Segment Start: Recorded information
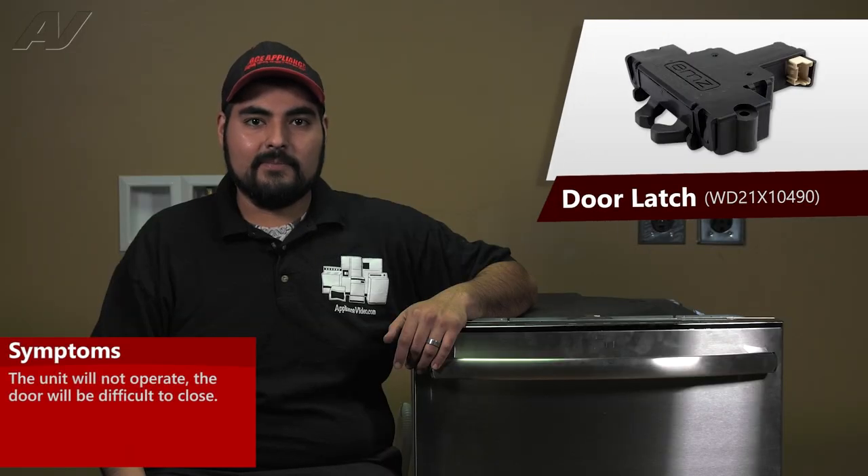A faulty door latch on this GE dishwasher will cause the following symptoms: the unit will not operate, or the door will be hard to close.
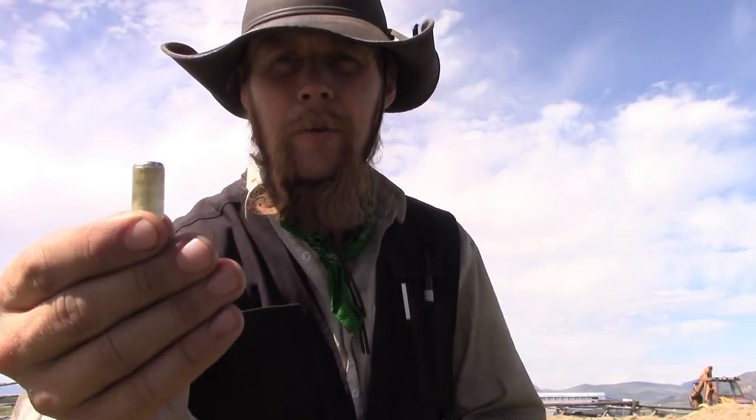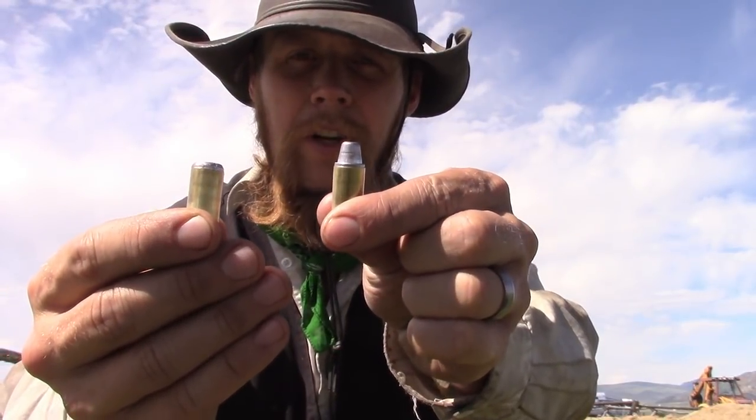So I went ahead and loaded up some rounds with the bullet in backwards — there's a normal one for comparison. With these target loads I'm using a relatively light charge of fast burning flake powder, so I've actually got a lot of empty space in the case, and if anything, taking up some of that empty space by loading the bullet backwards might improve the consistency of the ammunition.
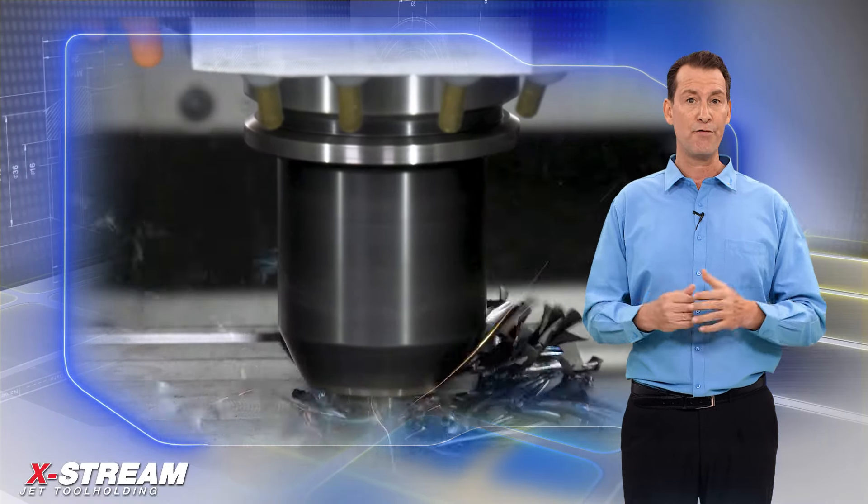HSK holders are intended for high-speed machining and are becoming more popular due to their precision performance. The Xtreme HSK A63 provides a perfect solution for solid carbide end mills with coolant jet channels along the shank bore. It can be installed on a machining center with through-coolant spindle options, and the Xtreme end mill holder delivers jet coolant that wraps the tool to obtain the same result as through tool coolant.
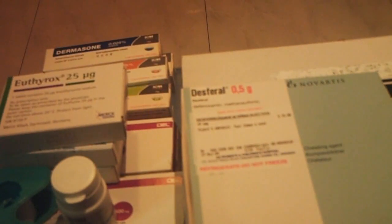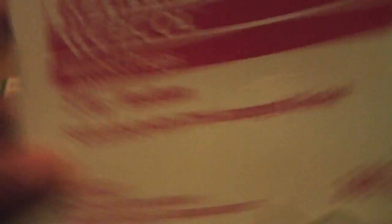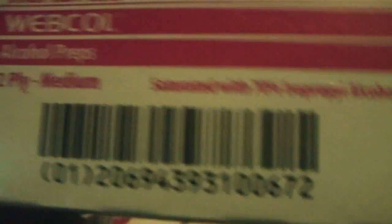Here's the alcohol swabs. They come in 200 pieces — two pieces per slot, so 100 rows. Each row is two pieces. For me, each session I need about four swabs — to clean the bottle itself, the Duspatal, after opening the cap, and for aspiration.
Segment End: Recorded information
The pictures in the listing above are to be dropped, and everything else reproduced exactly.

■ **Answer below**
A faulty door latch on this GE dishwasher will cause the following symptoms: the unit will not operate, or the door will be hard to close.
So I went ahead and loaded up some rounds with the bullet in backwards — there's a normal one for comparison. With these target loads I'm using a relatively light charge of fast burning flake powder, so I've actually got a lot of empty space in the case, and if anything, taking up some of that empty space by loading the bullet backwards might improve the consistency of the ammunition.
HSK holders are intended for high-speed machining and are becoming more popular due to their precision performance. The Xtreme HSK A63 provides a perfect solution for solid carbide end mills with coolant jet channels along the shank bore. It can be installed on a machining center with through-coolant spindle options, and the Xtreme end mill holder delivers jet coolant that wraps the tool to obtain the same result as through tool coolant.
Here's the alcohol swabs. They come in 200 pieces — two pieces per slot, so 100 rows. Each row is two pieces. For me, each session I need about four swabs — to clean the bottle itself, the Duspatal, after opening the cap, and for aspiration.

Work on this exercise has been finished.